* ACTIVITY
Produce as output only the lines below starting at the line with "Bed & Breakfast Maison Geze 3*" and continuing through the line with "Холодильник Samsung SBS", each one exactly as written.

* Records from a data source
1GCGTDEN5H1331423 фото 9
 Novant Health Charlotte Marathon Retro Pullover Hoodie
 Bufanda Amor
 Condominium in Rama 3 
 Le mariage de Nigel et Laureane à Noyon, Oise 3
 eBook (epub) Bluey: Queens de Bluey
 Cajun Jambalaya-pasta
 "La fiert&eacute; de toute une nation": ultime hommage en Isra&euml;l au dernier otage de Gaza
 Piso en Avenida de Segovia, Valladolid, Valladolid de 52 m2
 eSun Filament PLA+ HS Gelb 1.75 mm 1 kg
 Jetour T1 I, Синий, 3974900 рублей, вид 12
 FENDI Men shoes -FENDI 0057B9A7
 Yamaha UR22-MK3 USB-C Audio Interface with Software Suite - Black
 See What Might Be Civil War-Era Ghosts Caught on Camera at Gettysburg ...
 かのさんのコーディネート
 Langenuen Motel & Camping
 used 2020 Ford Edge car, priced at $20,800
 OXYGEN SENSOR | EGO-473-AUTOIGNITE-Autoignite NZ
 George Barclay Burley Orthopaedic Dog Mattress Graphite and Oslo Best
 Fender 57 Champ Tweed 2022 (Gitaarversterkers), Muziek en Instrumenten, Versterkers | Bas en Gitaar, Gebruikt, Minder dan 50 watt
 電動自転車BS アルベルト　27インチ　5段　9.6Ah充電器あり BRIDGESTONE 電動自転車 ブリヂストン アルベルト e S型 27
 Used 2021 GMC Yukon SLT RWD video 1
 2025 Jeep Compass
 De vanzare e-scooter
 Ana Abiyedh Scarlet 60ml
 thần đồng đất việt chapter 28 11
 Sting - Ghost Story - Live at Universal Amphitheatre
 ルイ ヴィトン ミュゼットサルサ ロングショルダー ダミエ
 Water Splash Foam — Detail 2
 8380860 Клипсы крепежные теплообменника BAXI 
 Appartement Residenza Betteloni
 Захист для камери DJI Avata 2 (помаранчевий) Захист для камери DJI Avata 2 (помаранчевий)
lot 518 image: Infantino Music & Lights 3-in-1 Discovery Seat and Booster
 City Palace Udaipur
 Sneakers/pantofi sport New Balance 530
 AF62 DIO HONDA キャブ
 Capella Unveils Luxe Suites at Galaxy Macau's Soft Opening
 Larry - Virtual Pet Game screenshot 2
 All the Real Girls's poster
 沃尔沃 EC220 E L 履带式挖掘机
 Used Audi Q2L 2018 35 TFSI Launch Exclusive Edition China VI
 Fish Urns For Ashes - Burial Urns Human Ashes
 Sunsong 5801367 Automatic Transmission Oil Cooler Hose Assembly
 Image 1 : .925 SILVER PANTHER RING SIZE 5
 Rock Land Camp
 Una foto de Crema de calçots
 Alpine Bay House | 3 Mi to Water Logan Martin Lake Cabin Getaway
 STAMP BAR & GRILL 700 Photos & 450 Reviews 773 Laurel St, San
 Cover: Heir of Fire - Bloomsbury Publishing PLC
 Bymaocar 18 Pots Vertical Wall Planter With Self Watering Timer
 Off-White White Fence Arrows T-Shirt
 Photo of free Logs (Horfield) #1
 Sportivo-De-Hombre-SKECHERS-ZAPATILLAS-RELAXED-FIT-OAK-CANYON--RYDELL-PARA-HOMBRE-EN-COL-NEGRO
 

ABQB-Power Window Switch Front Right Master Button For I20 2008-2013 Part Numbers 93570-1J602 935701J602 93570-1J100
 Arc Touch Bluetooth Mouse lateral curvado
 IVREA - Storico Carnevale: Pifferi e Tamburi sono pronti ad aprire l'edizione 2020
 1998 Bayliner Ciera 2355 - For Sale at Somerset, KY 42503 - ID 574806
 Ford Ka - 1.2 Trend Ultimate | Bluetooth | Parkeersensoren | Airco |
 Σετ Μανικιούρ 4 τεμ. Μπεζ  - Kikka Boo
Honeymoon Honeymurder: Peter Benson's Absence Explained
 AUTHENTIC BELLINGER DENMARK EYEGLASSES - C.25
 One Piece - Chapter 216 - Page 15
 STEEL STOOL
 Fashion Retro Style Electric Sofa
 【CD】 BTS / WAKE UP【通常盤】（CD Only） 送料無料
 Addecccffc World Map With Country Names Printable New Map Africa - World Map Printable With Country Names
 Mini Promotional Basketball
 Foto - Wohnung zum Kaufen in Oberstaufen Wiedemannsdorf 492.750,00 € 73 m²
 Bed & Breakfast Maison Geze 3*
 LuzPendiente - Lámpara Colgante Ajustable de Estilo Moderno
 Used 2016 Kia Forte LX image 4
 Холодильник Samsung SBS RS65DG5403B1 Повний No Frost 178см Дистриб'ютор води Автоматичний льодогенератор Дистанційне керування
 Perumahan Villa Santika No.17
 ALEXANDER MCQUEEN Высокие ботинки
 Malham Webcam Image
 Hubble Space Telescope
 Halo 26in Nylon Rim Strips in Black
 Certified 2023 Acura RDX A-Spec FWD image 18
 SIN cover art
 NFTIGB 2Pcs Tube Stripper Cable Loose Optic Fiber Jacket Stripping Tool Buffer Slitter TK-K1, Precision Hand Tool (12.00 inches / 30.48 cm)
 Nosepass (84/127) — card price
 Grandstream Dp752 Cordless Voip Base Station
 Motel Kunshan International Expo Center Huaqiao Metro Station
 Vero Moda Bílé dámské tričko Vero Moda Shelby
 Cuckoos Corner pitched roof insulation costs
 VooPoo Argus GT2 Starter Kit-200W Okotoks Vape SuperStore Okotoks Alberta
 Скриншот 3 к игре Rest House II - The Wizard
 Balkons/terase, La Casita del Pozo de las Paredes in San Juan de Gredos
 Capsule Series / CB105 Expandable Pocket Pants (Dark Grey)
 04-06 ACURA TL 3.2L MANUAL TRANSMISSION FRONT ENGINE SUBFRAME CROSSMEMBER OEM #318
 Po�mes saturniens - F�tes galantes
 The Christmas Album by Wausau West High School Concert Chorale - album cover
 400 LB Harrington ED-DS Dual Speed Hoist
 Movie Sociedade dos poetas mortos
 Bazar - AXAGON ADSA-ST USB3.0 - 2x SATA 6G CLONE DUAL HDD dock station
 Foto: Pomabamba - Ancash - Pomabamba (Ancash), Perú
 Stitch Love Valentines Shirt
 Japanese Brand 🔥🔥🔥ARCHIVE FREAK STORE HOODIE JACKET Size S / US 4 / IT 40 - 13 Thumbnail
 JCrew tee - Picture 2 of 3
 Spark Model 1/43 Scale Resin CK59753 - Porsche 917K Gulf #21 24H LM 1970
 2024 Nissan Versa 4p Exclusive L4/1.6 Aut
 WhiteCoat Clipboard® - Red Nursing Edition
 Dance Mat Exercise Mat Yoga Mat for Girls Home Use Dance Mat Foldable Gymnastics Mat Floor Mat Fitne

* RESPONSE AREA
 Bed & Breakfast Maison Geze 3*
 LuzPendiente - Lámpara Colgante Ajustable de Estilo Moderno
 Used 2016 Kia Forte LX image 4
 Холодильник Samsung SBS RS65DG5403B1 Повний No Frost 178см Дистриб'ютор води Автоматичний льодогенератор Дистанційне керування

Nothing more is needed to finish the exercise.